Home Garden

Ideas for a Flower Bed Next to a Fence

Flower beds and fences can work together to create borders for your property that enhance both your yard's beauty and your privacy while using it. A tall wooden fence backing a flower bed dense with blooms creates a beautiful vista for you and guests to enjoy during the summer months that you can spend outside.
  1. Climbing Plants

    • If you are putting a flower bed directly in front of a fence, use the fence to support climbing plants that bloom above and behind the rest of your flower bed. Sweet peas, morning glories and clematis are all beautiful plants that grow up fences enthusiastically.
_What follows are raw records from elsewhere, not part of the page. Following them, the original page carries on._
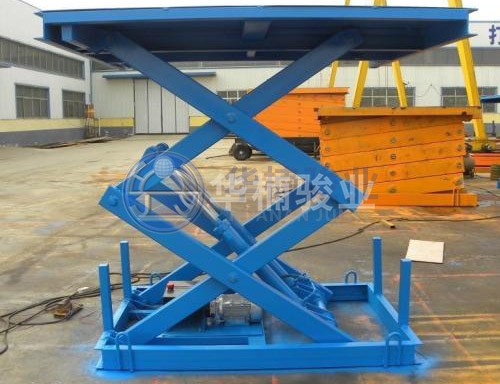 升降平臺對使用環境的要求 升降平臺對使用環境的要求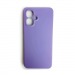 Чехол силиконовый Tecno Spark Go 2/Spark 40C/Smart 10 Soft Touch сиреневый#2152396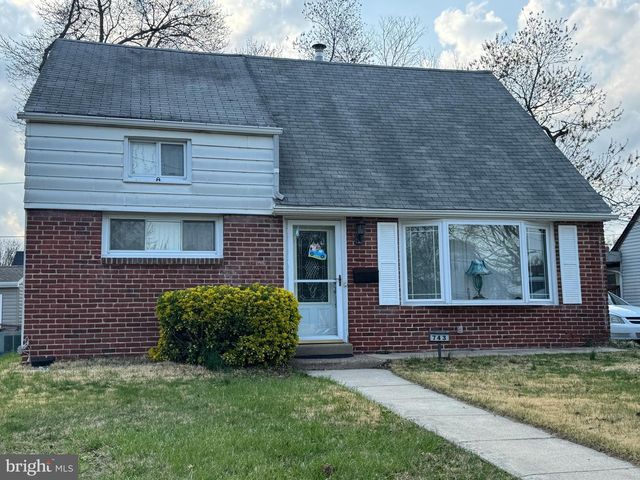 743 HICKORY RD, Secane, PA 19018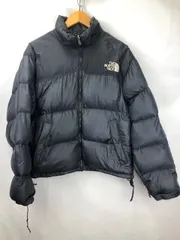 90s ザノースフェイス ヌプシダウンジャケット NF003AS 黒 M 90s ノースフェイス ヌプシジャケット M 90s ブラック NF003AS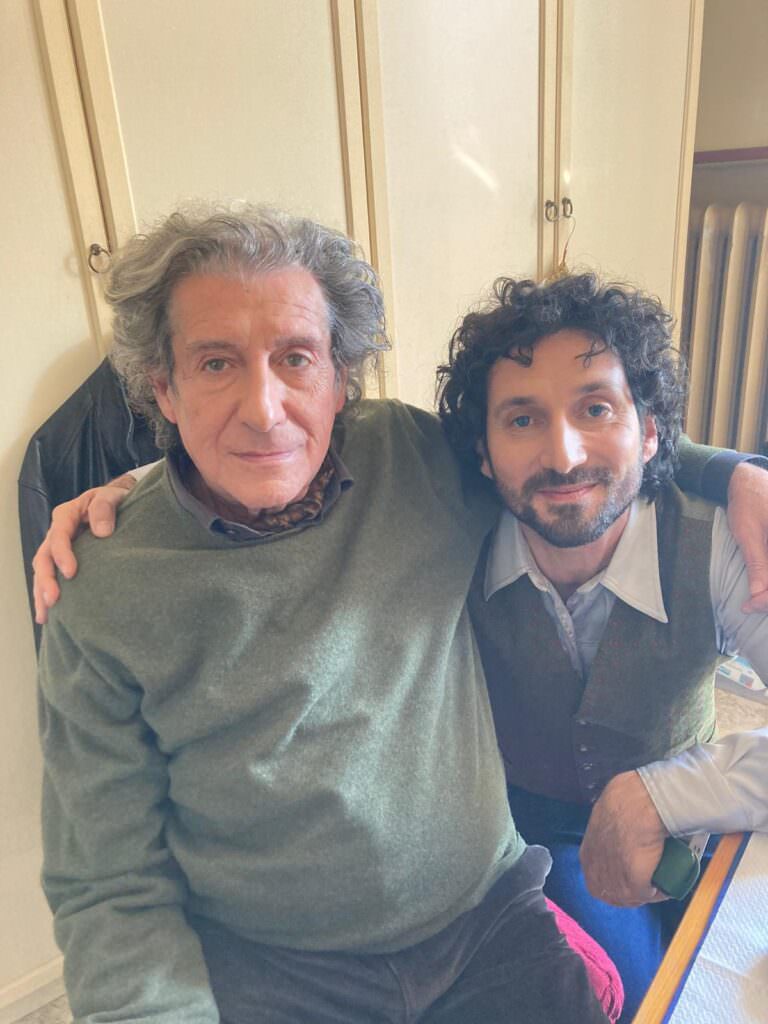 Carlo Greco e Gianluca Vetromilo - Gianluca Vetromilo: «Girando il film ho scoperto una Catanzaro inedita» - 5 Carlo Greco e Gianluca Vetromilo - Meraviglie di Calabria - 4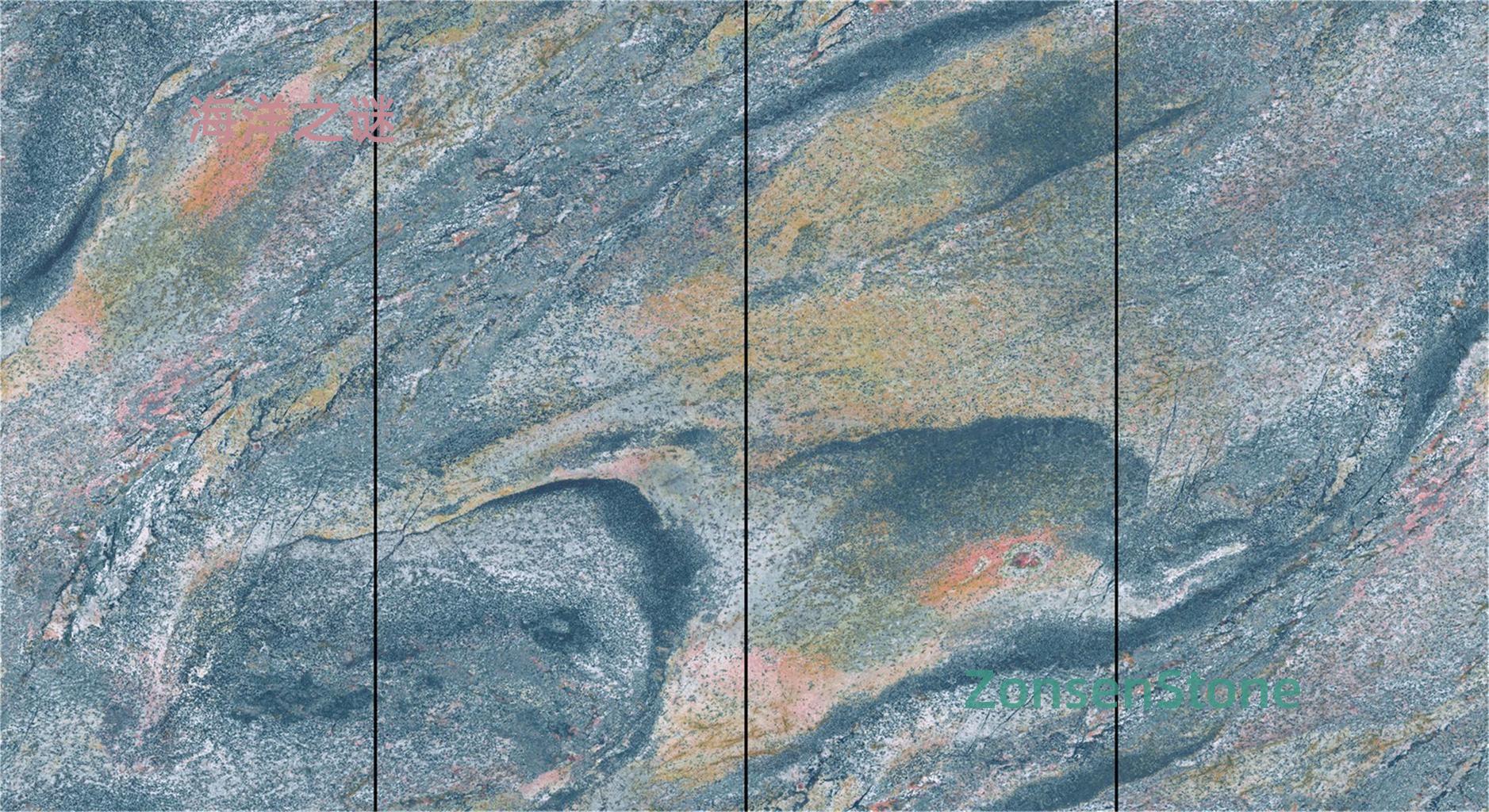 Ocean Mystery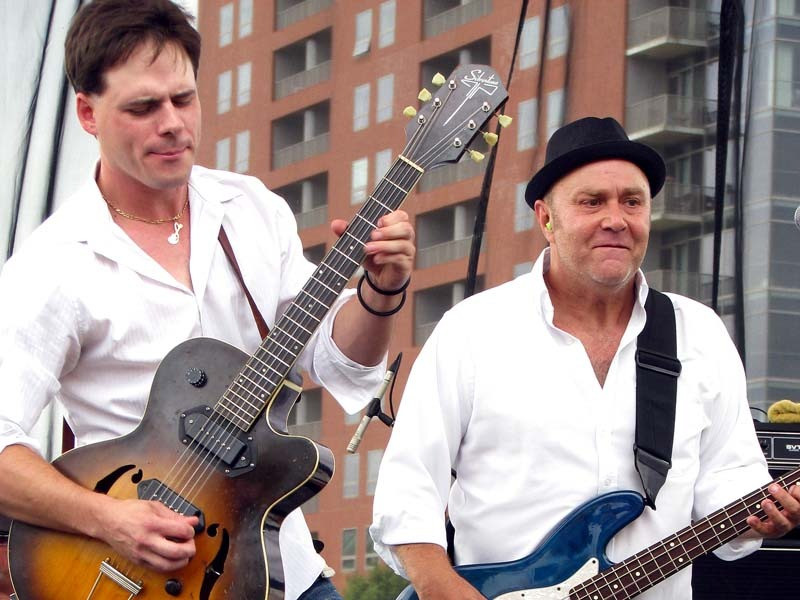 jimmy pritchard band ig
Hanging some string or twine down the face of the fence helps them climb more easily. Plant these climbing plants at the back of your flower bed so that they go directly up the fence; this leaves a lot of room to plant lower-growing flowers in front of them.

    Colors

    • Spend some time in the winter browsing seed catalogs and deciding what you want your flower beds to look like. Pay close attention to the timing of the blooms, information that is included in most seed catalogs. You can design and plan a flower bed that has one look in spring with the early bloomers and a different look in fall with the more mature flowering plants. Experienced gardeners enjoy experimenting with all-white beds (lilies, sweet peas and hollyhocks), complementary colors such as purple and yellow (echinacea and daisies) or orange and blue (Indian paintbrush and hydrangea) and tiers of flowers that present different colors at different heights.

    Beds and Boxes

    • If you want more flowers in a limited space, or perhaps if the fence that is behind your flower bed is not particularly attractive, build wooden flower boxes that you can attach to the fence, either halfway up it or on top of it. By planting climbing and hanging flowering plants in these boxes, you can create a riot of color that obscures the fence, replacing it with masses of multicolored blooms.

    Raised Bed

    • If the area directly in front of your fence is concrete or just has poor soil, the quickest remedy is to install a raised bed. This is easy to do using planks or railroad ties. Create an enclosed area about 12 inches high and fill it with topsoil and compost. Keep the back of the raised bed a few inches away from the bottom of the fence to avoid water getting trapped between the bed edging and the fence and causing rot.